== WORK INSTRUCTIONS ==
Although the data below holds other lines too, output only those from the line with "Studio shot of an adorable beagle photo" up to and including the line with "Aerial view of", exactly as they appear.

◇ ◇ ◇

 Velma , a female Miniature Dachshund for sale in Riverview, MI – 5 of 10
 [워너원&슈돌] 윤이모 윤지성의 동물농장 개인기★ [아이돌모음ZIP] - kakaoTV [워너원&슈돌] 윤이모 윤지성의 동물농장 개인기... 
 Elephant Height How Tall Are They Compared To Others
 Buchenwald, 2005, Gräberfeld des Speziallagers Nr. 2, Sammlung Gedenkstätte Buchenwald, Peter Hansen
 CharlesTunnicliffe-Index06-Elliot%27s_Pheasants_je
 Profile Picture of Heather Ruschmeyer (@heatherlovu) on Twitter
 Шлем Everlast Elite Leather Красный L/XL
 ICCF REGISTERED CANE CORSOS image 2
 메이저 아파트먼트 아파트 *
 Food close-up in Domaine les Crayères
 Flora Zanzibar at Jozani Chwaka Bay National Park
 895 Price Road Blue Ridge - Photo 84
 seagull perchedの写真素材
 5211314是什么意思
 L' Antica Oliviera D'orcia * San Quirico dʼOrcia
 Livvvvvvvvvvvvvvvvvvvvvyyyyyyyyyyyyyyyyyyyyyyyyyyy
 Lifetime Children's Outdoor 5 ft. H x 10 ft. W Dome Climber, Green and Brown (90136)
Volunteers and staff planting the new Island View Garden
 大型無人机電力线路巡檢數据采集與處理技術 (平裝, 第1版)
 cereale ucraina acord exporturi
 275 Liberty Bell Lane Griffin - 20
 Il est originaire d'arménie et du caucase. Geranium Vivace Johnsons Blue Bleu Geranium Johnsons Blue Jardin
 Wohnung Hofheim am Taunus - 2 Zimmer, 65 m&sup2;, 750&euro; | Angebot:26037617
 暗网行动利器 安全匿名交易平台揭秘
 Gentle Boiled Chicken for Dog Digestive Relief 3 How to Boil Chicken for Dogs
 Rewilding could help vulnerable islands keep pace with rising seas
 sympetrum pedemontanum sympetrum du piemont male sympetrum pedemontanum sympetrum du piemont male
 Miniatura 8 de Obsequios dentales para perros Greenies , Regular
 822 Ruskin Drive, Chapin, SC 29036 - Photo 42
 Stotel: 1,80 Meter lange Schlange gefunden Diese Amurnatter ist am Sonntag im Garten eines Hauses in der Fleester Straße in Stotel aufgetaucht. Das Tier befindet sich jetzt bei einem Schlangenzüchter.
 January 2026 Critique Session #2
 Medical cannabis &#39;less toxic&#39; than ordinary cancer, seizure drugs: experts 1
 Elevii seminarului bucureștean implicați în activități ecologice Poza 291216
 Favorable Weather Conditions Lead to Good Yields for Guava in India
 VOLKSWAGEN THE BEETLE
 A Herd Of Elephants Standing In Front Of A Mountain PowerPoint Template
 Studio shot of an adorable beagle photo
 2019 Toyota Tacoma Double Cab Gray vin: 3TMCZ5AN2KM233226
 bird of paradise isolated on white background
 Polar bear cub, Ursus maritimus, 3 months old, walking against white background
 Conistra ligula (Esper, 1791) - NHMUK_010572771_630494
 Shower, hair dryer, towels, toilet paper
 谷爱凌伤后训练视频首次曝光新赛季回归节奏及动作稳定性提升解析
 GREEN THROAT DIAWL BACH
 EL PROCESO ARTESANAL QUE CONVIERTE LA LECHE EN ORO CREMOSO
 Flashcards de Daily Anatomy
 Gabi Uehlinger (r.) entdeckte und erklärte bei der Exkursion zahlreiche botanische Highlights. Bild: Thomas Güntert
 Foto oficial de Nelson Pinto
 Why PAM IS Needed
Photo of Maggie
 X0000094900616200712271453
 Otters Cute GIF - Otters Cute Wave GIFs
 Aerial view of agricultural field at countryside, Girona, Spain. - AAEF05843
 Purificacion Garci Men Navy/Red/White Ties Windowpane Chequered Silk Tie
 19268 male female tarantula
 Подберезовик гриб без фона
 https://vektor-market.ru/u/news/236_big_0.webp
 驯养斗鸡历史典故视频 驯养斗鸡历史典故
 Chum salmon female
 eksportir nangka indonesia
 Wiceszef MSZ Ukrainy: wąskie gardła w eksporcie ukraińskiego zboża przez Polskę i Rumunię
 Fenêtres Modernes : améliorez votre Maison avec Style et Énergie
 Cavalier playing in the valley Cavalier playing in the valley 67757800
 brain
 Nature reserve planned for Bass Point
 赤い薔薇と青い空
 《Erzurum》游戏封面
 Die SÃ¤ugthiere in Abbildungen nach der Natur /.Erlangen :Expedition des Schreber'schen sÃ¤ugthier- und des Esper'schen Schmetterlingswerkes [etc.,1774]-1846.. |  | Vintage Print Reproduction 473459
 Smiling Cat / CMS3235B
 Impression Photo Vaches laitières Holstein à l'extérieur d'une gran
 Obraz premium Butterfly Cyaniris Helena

◇ ◇ ◇

== ANSWER TO THE PROBLEM ==
 Studio shot of an adorable beagle photo
 2019 Toyota Tacoma Double Cab Gray vin: 3TMCZ5AN2KM233226
 bird of paradise isolated on white background
 Polar bear cub, Ursus maritimus, 3 months old, walking against white background
 Conistra ligula (Esper, 1791) - NHMUK_010572771_630494
 Shower, hair dryer, towels, toilet paper
 谷爱凌伤后训练视频首次曝光新赛季回归节奏及动作稳定性提升解析
 GREEN THROAT DIAWL BACH
 EL PROCESO ARTESANAL QUE CONVIERTE LA LECHE EN ORO CREMOSO
 Flashcards de Daily Anatomy
 Gabi Uehlinger (r.) entdeckte und erklärte bei der Exkursion zahlreiche botanische Highlights. Bild: Thomas Güntert
 Foto oficial de Nelson Pinto
 Why PAM IS Needed
Photo of Maggie
 X0000094900616200712271453
 Otters Cute GIF - Otters Cute Wave GIFs
 Aerial view of agricultural field at countryside, Girona, Spain. - AAEF05843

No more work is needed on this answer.